🤖 AI Summary
Existing concept control methods rely on model retraining, incurring high computational costs and poor generalizability across diffusion models. This work proposes a lightweight, plug-and-play continuous concept control framework that requires no fine-tuning of either the diffusion model or the text encoder. It identifies low-rank semantic directions within a frozen pre-trained CLIP text encoder and employs LoRA adapters to enable learnable, continuous sliding control in the text embedding space. The approach supports multi-concept composition and layout preservation, and is natively compatible with diverse text-to-image and text-to-video diffusion models. Experiments demonstrate that our method trains 5× faster than Concept Slider and 47× faster than Attribute Control, while reducing GPU memory consumption by 2–4×. These improvements significantly enhance scalability and real-time editing capability.
📝 Abstract
Recent advances in diffusion models have significantly improved image and video synthesis.

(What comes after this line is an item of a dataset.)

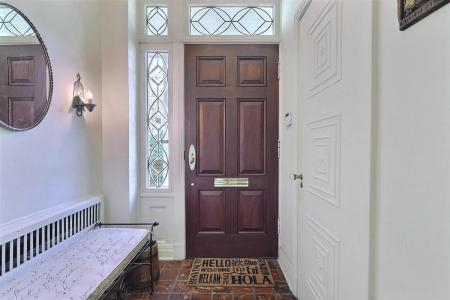 4850  Ch. Circle, Montréal (Côte-des-Neiges/Notre-Dame-de-Grâce), Quebec H3W 1Z4, Canada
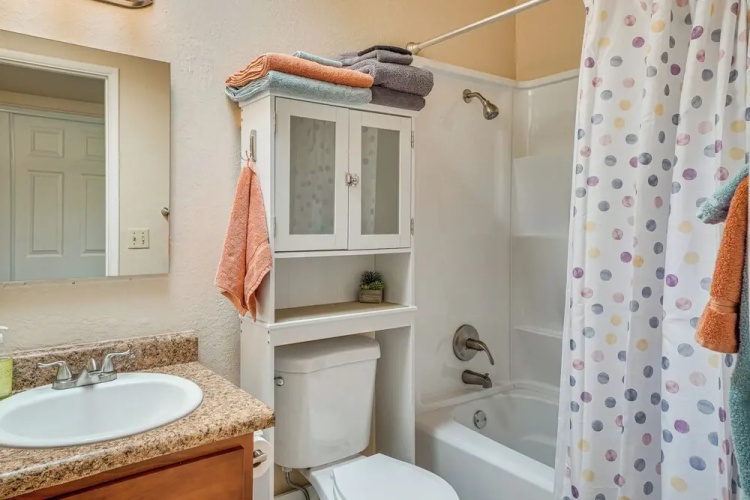 5 Mi to Dtwn: Tucson Townhome w/ Pool Access!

In addition, several concept control methods have been proposed to enable fine-grained, continuous, and flexible control over free-form text prompts. However, these methods not only require intensive training time and GPU memory usage to learn the sliders or embeddings but also need to be retrained for different diffusion backbones, limiting their scalability and adaptability. To address these limitations, we introduce Text Slider, a lightweight, efficient and plug-and-play framework that identifies low-rank directions within a pre-trained text encoder, enabling continuous control of visual concepts while significantly reducing training time, GPU memory consumption, and the number of trainable parameters. Furthermore, Text Slider supports multi-concept composition and continuous control, enabling fine-grained and flexible manipulation in both image and video synthesis. We show that Text Slider enables smooth and continuous modulation of specific attributes while preserving the original spatial layout and structure of the input. Text Slider achieves significantly better efficiency: 5$ imes$ faster training than Concept Slider and 47$ imes$ faster than Attribute Control, while reducing GPU memory usage by nearly 2$ imes$ and 4$ imes$, respectively.